In our particular case — a global news site that gets the best foreign-language journalism into English — we saw the tradeoff between quantity and quality a couple of months ago when we went beyond just full-length translated articles from licensed partners and added in shorter aggregated pieces culled from a variety of sources. We did it in part because it allowed us to be more reactive to events happening anywhere (speed, range), but we also did it simply out of a need to increase our content output (quantity) at a lower cost.
But we are well aware that if we focus too much on this formula, we will suffer in a loss of depth and grace. (Accuracy must be the non-negotiable — though it too can suffer from all the competing pulls on limited resources.)

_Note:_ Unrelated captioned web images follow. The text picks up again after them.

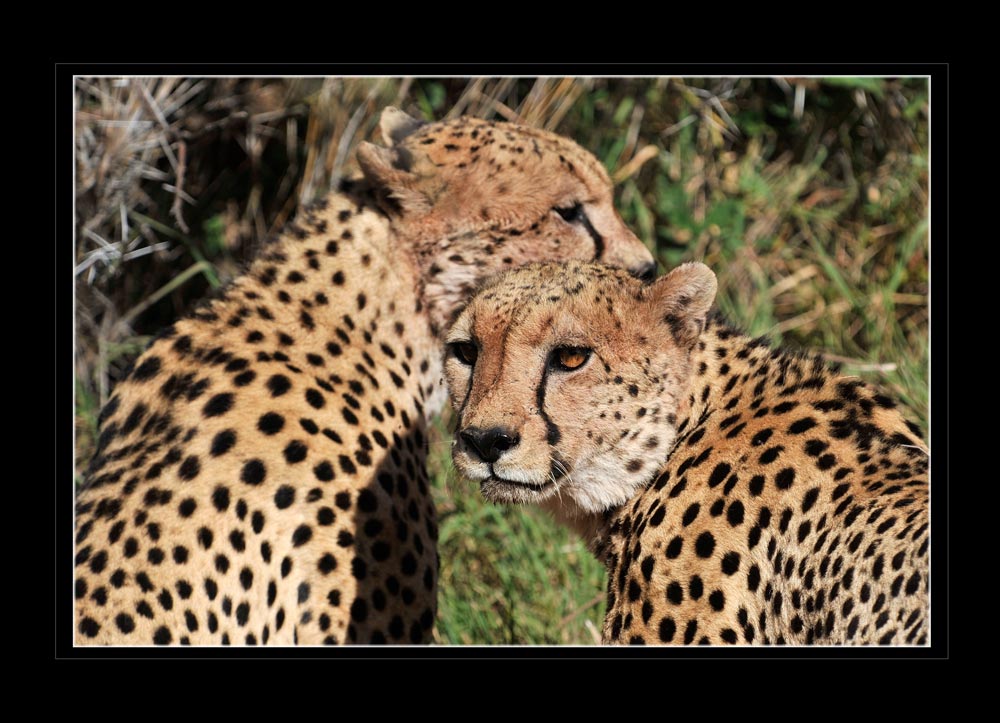 Gepard (Acinonyx jubatus)
Schlüsselwörter: Kenia, Lewa, Gepard
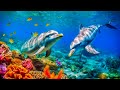 Beautiful Relaxing Music to Relieve Stress, Anxiety &amp; Depression 🐠 Mind, Body &amp; Soul Healing #29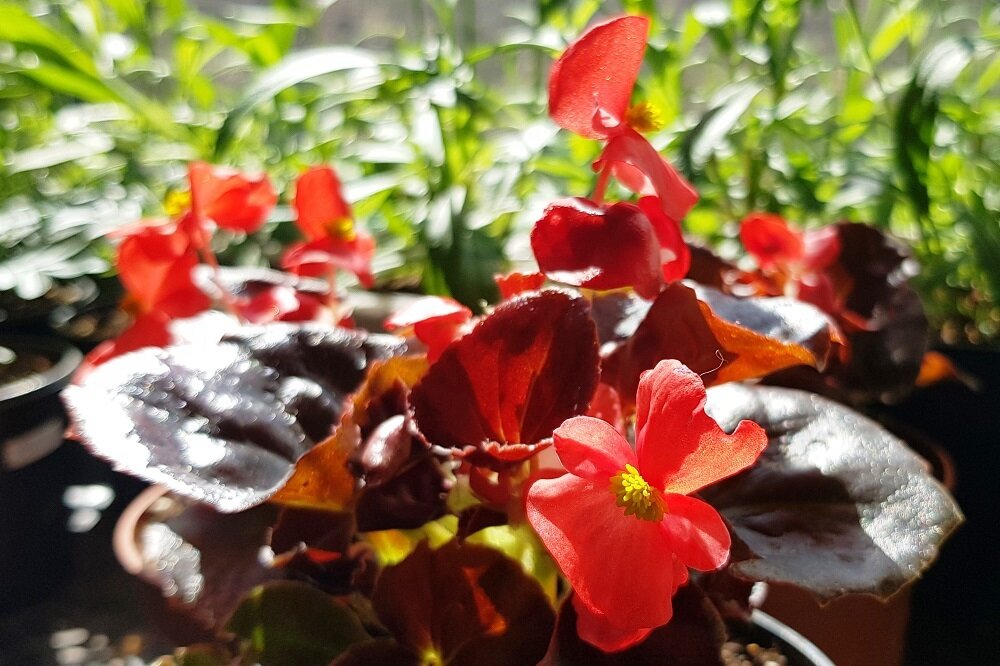    При благоприятных условиях бегония быстро переходит в фазу активного цветения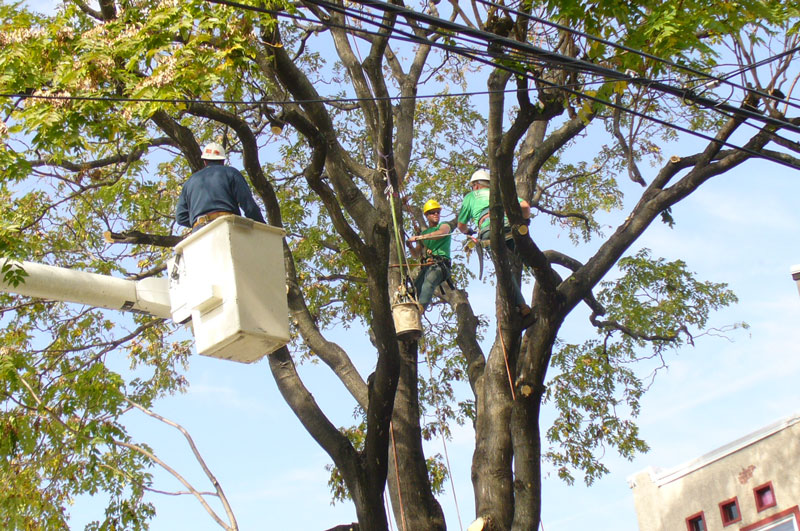 bucket and tree climbers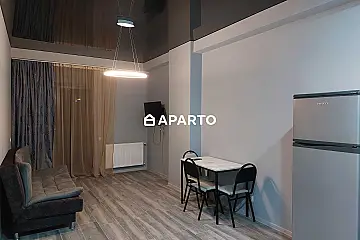 90 ლარი ღამე, ბინა დღიურად
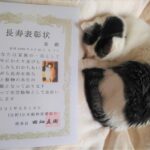 猫の長寿表彰状。日本動物愛護協会から18歳以上の猫さんに♪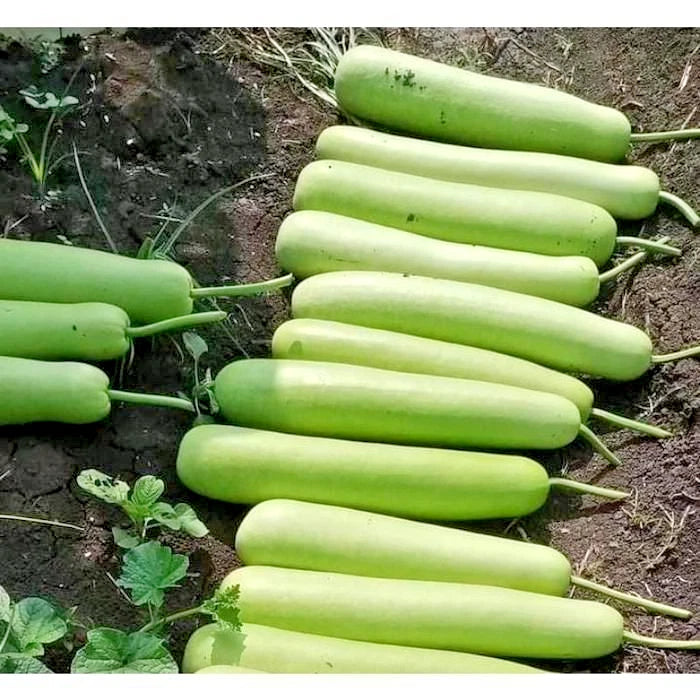 Long Bottle Gourd Seeds (Lagenaria siceraria) – 1,000+ Bulk Premium Long Gourd Seeds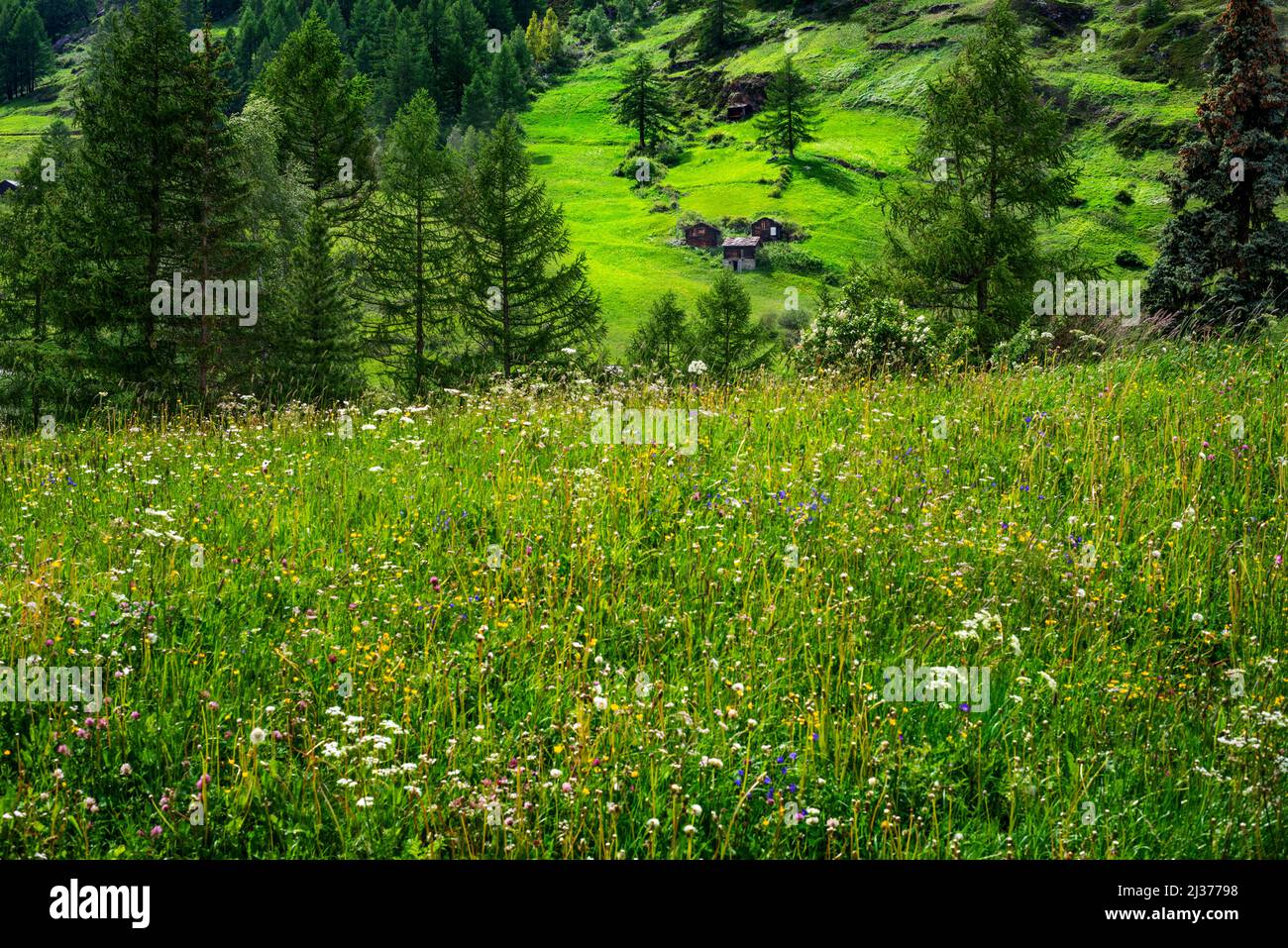 Valle verde nella via chami-hitta e sentiero muschio dalla stazione ferroviaria Riffelalp per il villaggio di Zermatt, Cervino, Vallese, Svizzera, Europa. Foto Stock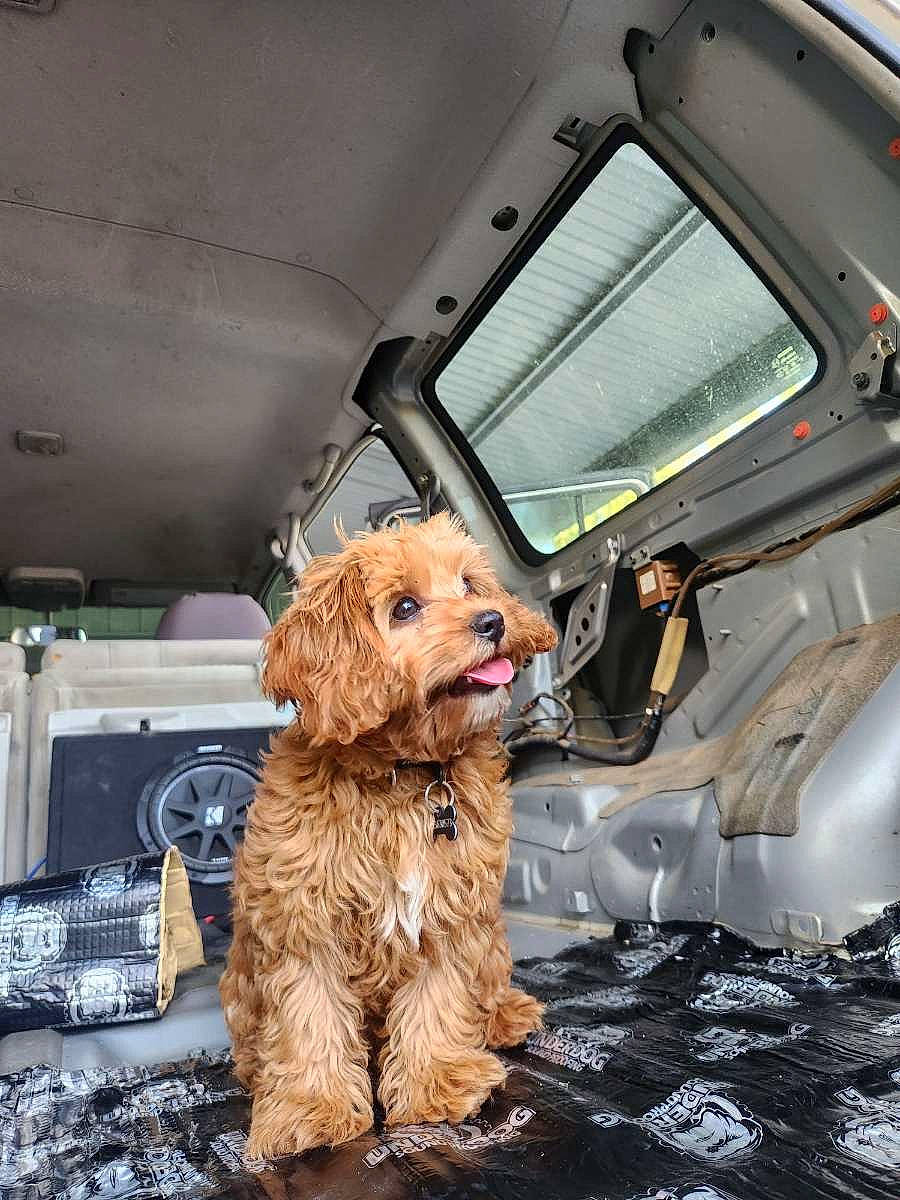 Chuka joined the competition — help win amazing prizes! asphalt, auto_part, automotive_exterior, canidae, carnivore, companion_dog, dog, dog_breed, dog_supply, fur, machine, motor_vehicle, snout, sporting_group, toy_dog, vehicle, vehicle_door, windscreen_wiper, windshield, working_animal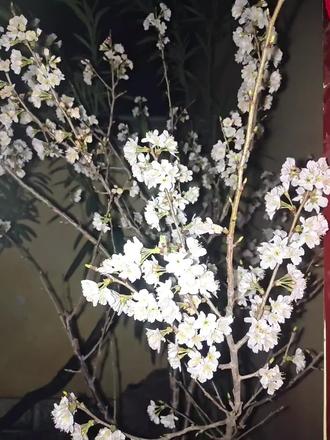 我就这样结束了我忙碌的三月。#三月 #取景器里的世界 #feelingmyworld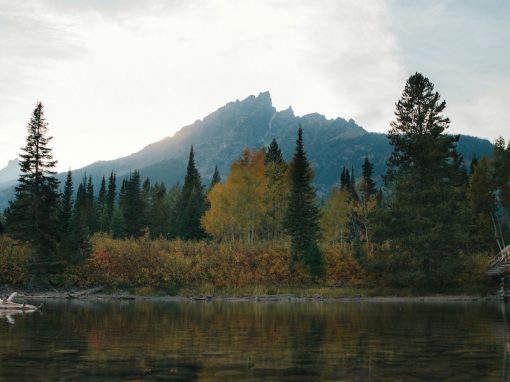 Persevere Along Your Path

The business questions that dovetail with these editorial choices are many. Who is your audience? What place do you want to occupy in the market? In the news cycle? How do you want to be consumed? Where is your revenue coming from? Very quickly, once you start producing content in a new way, you see how long it takes to turn out each piece, how much it costs — and soon after, your return on investment
The price of talent
The great news brands, of course, manage to do it all — and figure out how to calibrate their choices to achieve the right mix at any given moment. Finding the best people — yes, those humans again — is of course central. Some will be better at cranking it out, some at digging deep — others will have the master’s touch. Not everyone can be a Hemingway, or a Weisenthal.
But more to the point, just saying “we’re gonna find great people” is not a game plan: You’re competing with (almost) everyone else who has the same objective in mind. We know that the best people also have their price.
When I was starting out in the news business in Northern California in the mid-1990s, the highest-paid journo in town was San Francisco Chronicle columnist Herb Caen. It was said that you could find a whole newspaper in his daily column, a potpourri of scoops, scooplets, witticisms, and observations about his hometown and whatever crossed his radar that day.
Caen worked his sources. He aggregated bits of worthwhile information found elsewhere. He provided quality and quantity, on a wide range of topics with a writerly grace to turn – and sometimes coin – phrases. If he were alive today, Caen no doubt would have San Francisco’s premier city blog. The only question: Who could afford to host it?